23rd Nov2023

‘Squealer’ VOD Review

by Jim Morazzini

Stars: Danielle Burgio, Wes Chatham, Sydney Carvill, Ronnie Gene Blevins, Kate Moennig, Tyrese Gibson, Theo Rossi | Written by Andy Armstrong, Danielle Burgio | Directed by Andy Armstrong

Squealer is one of two films, the other being Chad Ferrin’s Pig Killer, inspired by Canadian serial killer, rapist, and possible cannibal Robert Pickton. Pickton killed as many as 49 women and fed many of the bodies to the pigs on his farm, others he allegedly ground up and added to pork that he sold to the public.

Squealer begins on an equally sensational note as a silhouetted figure armed with a machete chases a naked woman through some scrubland. She’s struck by an RV whose occupants take her to the hospital.

Lisa (Danielle Burgio; Army of the Dead, Beyond the Sky), a social worker who tries to help the local sex workers wants to find out who is responsible, especially after the woman panics and runs from the hospital and gets hit by a truck. This time she doesn’t survive.
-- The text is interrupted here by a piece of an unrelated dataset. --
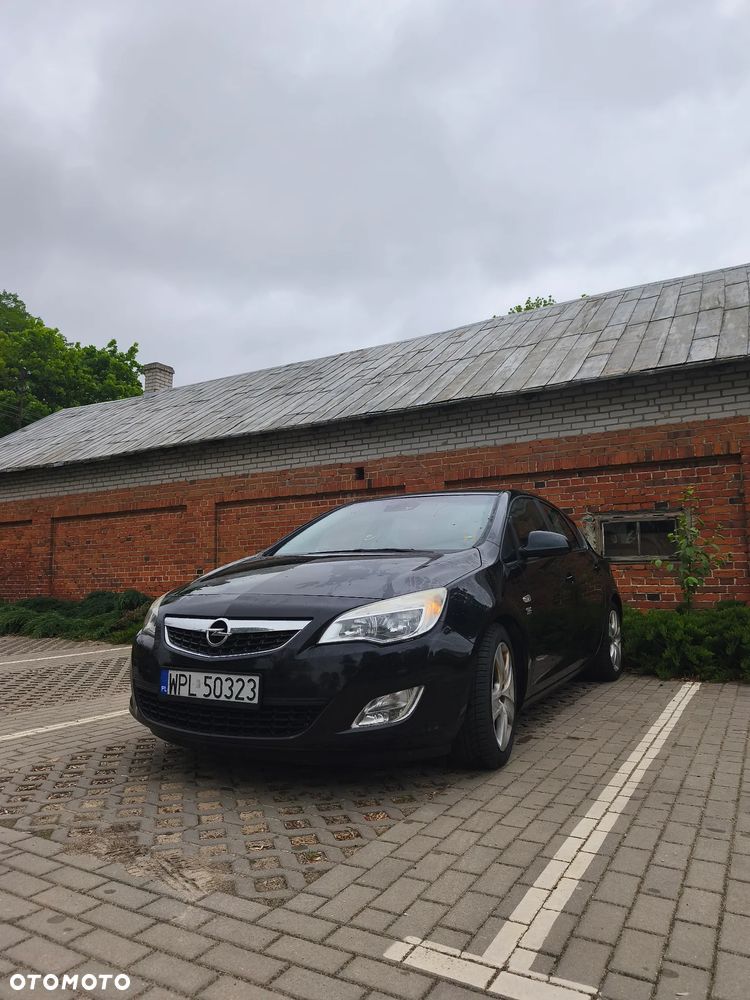 Opel Astra 1.4 Turbo Sport - 1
Lisa’s efforts are ridiculed by the local cops, mostly in the form of her ex, Jack (Wes Chatham; Escape Plan 2: Hades, The Town That Dreaded Sundown), and Sadie (Sydney Carvill; Lantern’s Lane, Keep in the Dark) whose uniform seems to consist of see-through tops and no bra.
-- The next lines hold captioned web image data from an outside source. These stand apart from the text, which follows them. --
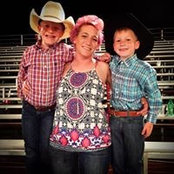 Perri Leavelle's photo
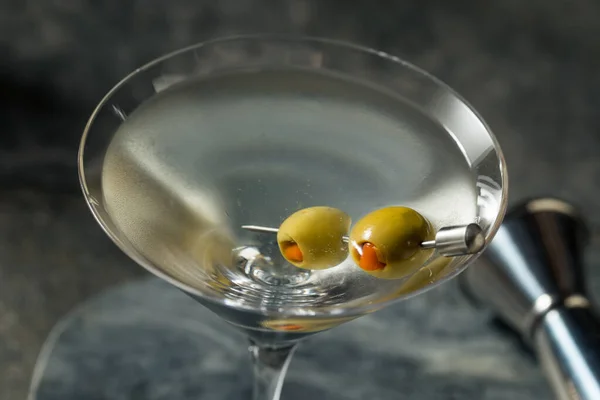 Boozy Dry Vodka Martini Med Gröna Oliver — Stockfoto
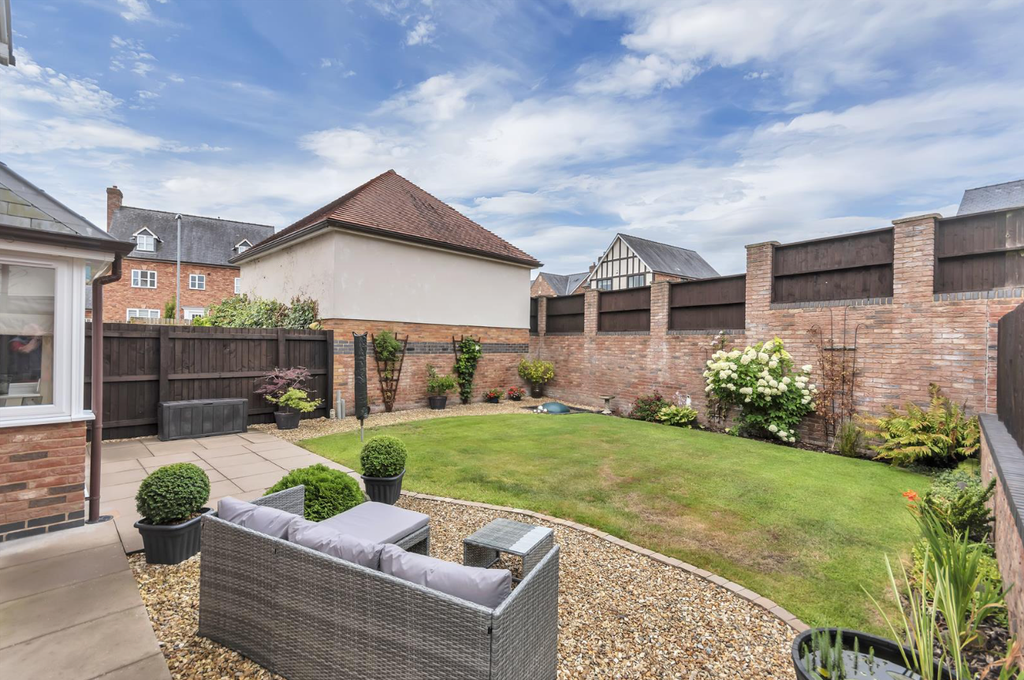 Property photo 2 of 12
Director Andy Armstrong (The New Adventures of Robin Hood, Moonshine Highway) and co-writer Burgio have made a film that screams “grindhouse” right from the start with a barrage of violence and nudity. When we see the viciously injured woman being examined at the hospital Armstrong makes sure we see her breasts, after the truck hits her we get a shot of the pulped remains. And within the first half hour, we also see another naked woman hacked up as well as the cop who dresses like an escort.

As it turns out a pig farmer nicknamed Squealer (Ronnie Gene Blevins; Joe, The Wave), along with Earline (Kate Moennig; Invitation to a Suicide, The L Word) brings home hookers, drugs them, and then hacks them up and makes sausages out of them. Sausages that Paul (Tyrese Gibson; Dangerous, The Collective), one of the local cops is practically addicted to. He also occasionally disposes of bodies for a crossbow-toting mobster played by Theo Rossi (Sons of Anarchy, The Getback) in return for various pharmaceuticals.
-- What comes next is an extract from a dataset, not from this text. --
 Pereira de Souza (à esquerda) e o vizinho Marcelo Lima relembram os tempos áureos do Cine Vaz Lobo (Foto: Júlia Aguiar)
Squealer sounds like it should be the perfect retro film for those who say they don’t make them like that anymore. It gleefully tosses class and political correctness out the window and goes hard on bare flesh and bad taste. There’s even a dwarf policewoman thrown in just so she can look extra short while stopping Paul and Jack from throwing down in the station.

Unfortunately, that’s really all Squealer has going for it though. We know from the start who the killer is so there’s no mystery beyond whether or not Sadie will poke someone’s eye out with a nipple. Character development never gets deeper than Lisa being mad that Jack flirts with Sadie even though she was the one who left him. We never get to know, or care, about any of the victims. Even Squealer’s motivation is shorthanded in a scene with his mother calling him a pussy and taking his favourite pig to be slaughtered.

With a tighter script, the last twenty or so minutes could have been fairly intense as the various characters head towards a bloody final showdown. Instead, it becomes an unintentional comedy of errors. It also strikes out on the kills we want to see with one happening off-screen and the other done with horrible CGI.

Maybe if they had gone over the top with it like Motel Hell did and made it a comedy it could have been fun. Even adding songs and calling it Swiney Todd would have been an improvement. If you don’t care about anything beyond blood and boobs Squealer will probably drive you hog wild. Everyone else will find it a boar.

*½  1.5/5

Squealer will be released on VOD and digital platforms on November 27th.